Pentagone : contes et mécomptes

Violemment attaqué chez lui par de nombreux parlementaires, le Pentagone tente une diversion digne d’une cour de récréation. En faisant miroiter les richesses minières de l’Afghanistan, que les Américains auraient par hasard découvertes au fil de leurs campagnes guerrières. Le complexe militaro-industriel US a du souci à se faire…

Nous sommes tellement englués dans l’ère du clinquant que la « communication » tient désormais lieu de politique. Voilà peu de temps, le New York Times annonçait cette nouvelle sidérante : selon le Pentagone, le sous-sol afghan serait un véritable trésor minier. Le scoop est aussi bluffant que si Paul Bocuse annonçait qu’il vient de découvrir la poularde de Bresse. Puis suit la litanie des richesses : du fer, du cuivre et du… lithium, bien sûr, ce composant essentiel des batteries, dont les ressources se trouvent aujourd’hui concentrées en peu d’endroits – au Tibet, en particulier, allez-donc savoir pourquoi les Chinois tiennent autant à maintenir leur emprise sur le « Toit du monde ». Et ce n’est pas tout : il y aurait aussi du cobalt et du niobium, très utilisés dans la fabrication des aciers spéciaux et donc convoités par les sidérurgistes de pointe. Enfin, il y a de l’or, dont tout le monde aimerait aujourd’hui détenir un stock confortable eu égard à son prix élevé, lequel promet d’atteindre des niveaux stratosphériques sur les temps à venir. Bref, que le sol afghan fût un authentique coffre-fort, vous le saviez déjà, sans connaître nécessairement le détail des gisements : les Russes avaient déjà occupé le terrain (comme par hasard) et avaient eu le temps d’établir une cartographie assez précise avant de se carapater. Autant de secrets, selon le New York Times, qu’ils auraient planqués (probablement sous le tas de pierres à gauche, en sortant de Kaboul) et que l’armée US, magistralement dirigée depuis l’infaillible Pentagone, aurait incidemment découverts lors d’un pique-nique dominical. Alors que, on s’en doute, ils étaient à mille lieues d’imaginer un tel potentiel en Afghanistan.
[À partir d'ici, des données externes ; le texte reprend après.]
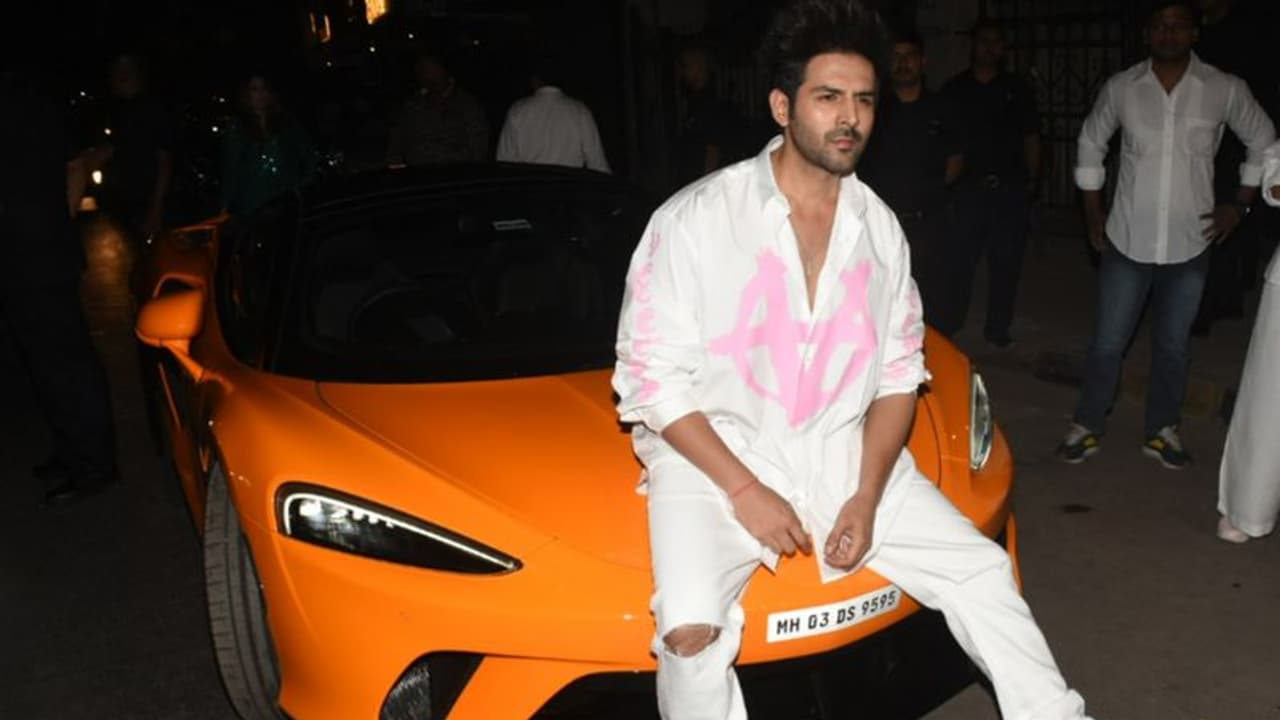 4.72 കോടി രൂപയുടെ മക്ലാരൻ കാര് എലി തിന്നു; വെളിപ്പെടുത്തി കാർത്തിക് ആര്യന് 4.72 കോടി രൂപയുടെ മക്ലാരൻ കാര് എലി തിന്നു; വെളിപ്പെടുത്തി കാർത്തിക് ആര്യന്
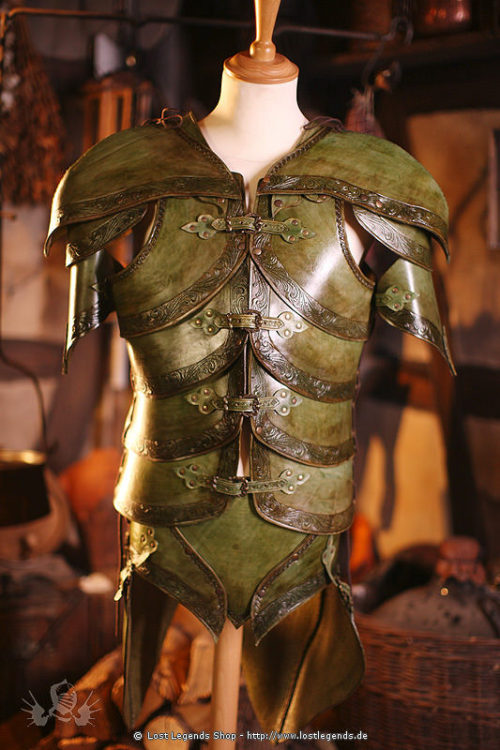 wanderlustsiren:  wanderers-haven:  coyoterose1: Noble Elf Armor by Lost Legends.  Dear God 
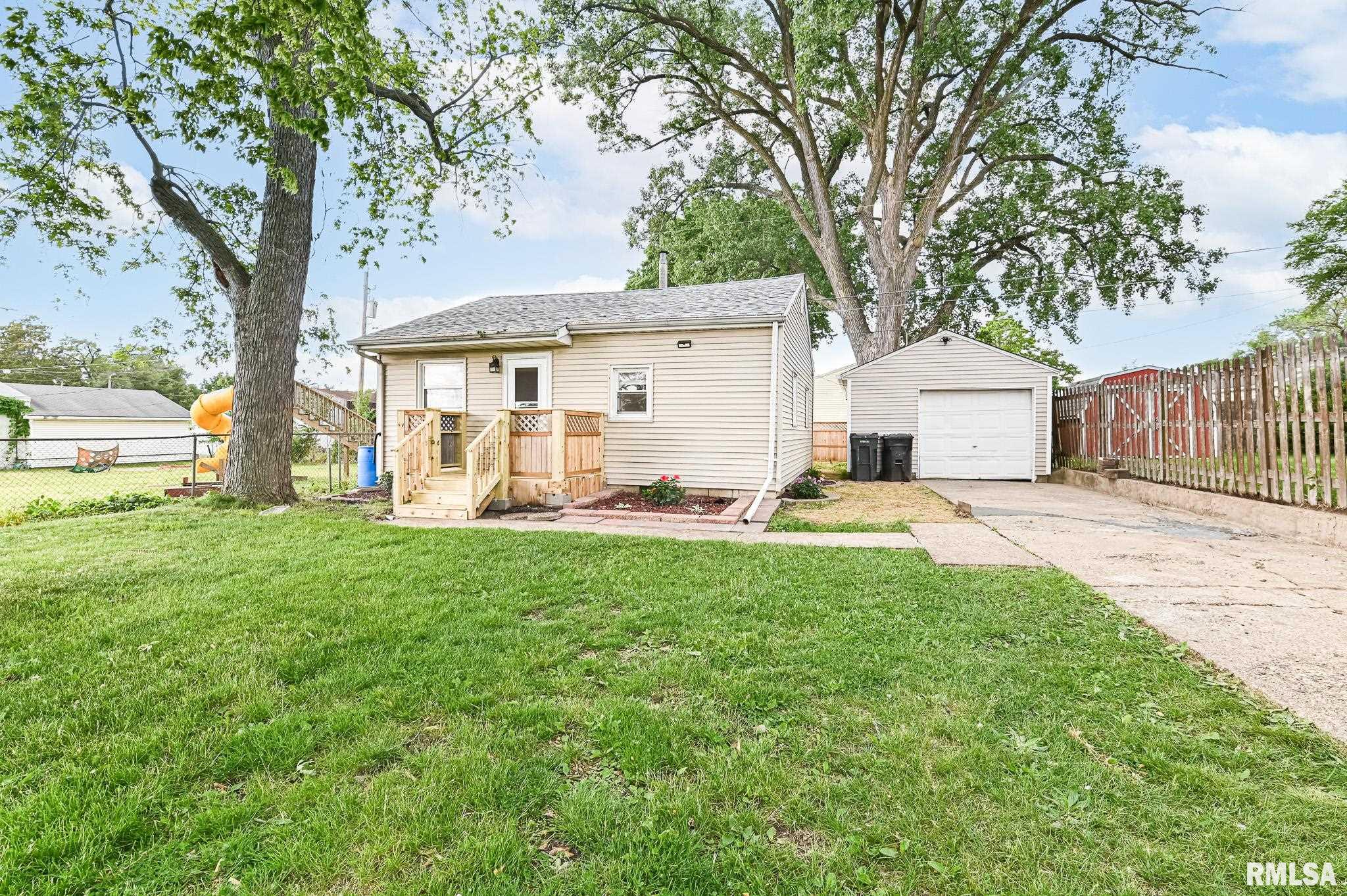 1219 Black Street, Pekin, Illinois image 1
Seulement voilà, nous dit d’un ton désolé le journaliste américain : il faudra beaucoup de temps pour mettre en place d’efficaces structures d’exploitation. Et les Afghans n’ont pas les moyens, ni techniques ni financiers, pour envisager des investissements pharaoniques : pensez-donc, dit-il, avec cette guerre interminable, tout est cassé et pas moyen d’éliminer les deux douzaines de talibans qui mettent le pays à feu et à sang. Un ange passe… Le conte fantastique est développé jusqu’à la nausée : le Président Karzaï viendrait d’apprendre la bonne nouvelle, selon laquelle son gouvernement est assis sur un gisement minéral de 1 000 milliards de dollars, lui qui croyait simplement régner sur un empire de l’opium (assez rentable au demeurant, merci pour lui). Voilà la « narrative », comme on dit aux USA, c’est-à-dire le récit édifiant que colporte la grande presse yankee, après avoir reçu les encouragements appropriés de « Moby Dick », ainsi surnommé le Pentagone, sans connotation affectueuse, par des détracteurs de plus en plus nombreux.
Flirt grossier avec l’opinion

Et c’est bien là que se situe, probablement, le motif de cette naïve offensive de charme en direction du monde politique, des milieux d’affaires et du grand-public : les critiques de plus en plus agressives, aux Etats-Unis, de cette monstrueuse bureaucratie qu’est devenu le Pentagone, véritable état dans l’Etat et qui flambe une part significative du budget fédéral. Pour des résultats de plus en plus virtuels, dans les nombreux conflits armés où le pays est à ce jour engagé. Ainsi donc, phénomène extraordinaire chez l’Oncle Sam, c’est du Congrès lui-même que partent en ce moment les attaques les plus virulentes. Une coalition bipartisane s’est constituée, réclamant un audit du Pentagone et visant à imposer à ce dernier un plan d’économies de… 1 000 milliards de dollars (en dix ans, tout de même). Globalement, les préoccupations de ces politiciens hérétiques ne sont pas exclusivement budgétaires, même si tous ont compris que la situation présente est intenable : le pays en est réduit à licencier des cohortes d’enseignants, de pompiers et de policiers, faute de pouvoir assumer leurs traitements. Il ne fait aucun doute qu’une telle dégradation ne sera pas sans conséquences dans les prochains scrutins, et constitue donc un véritable souci pour les élus.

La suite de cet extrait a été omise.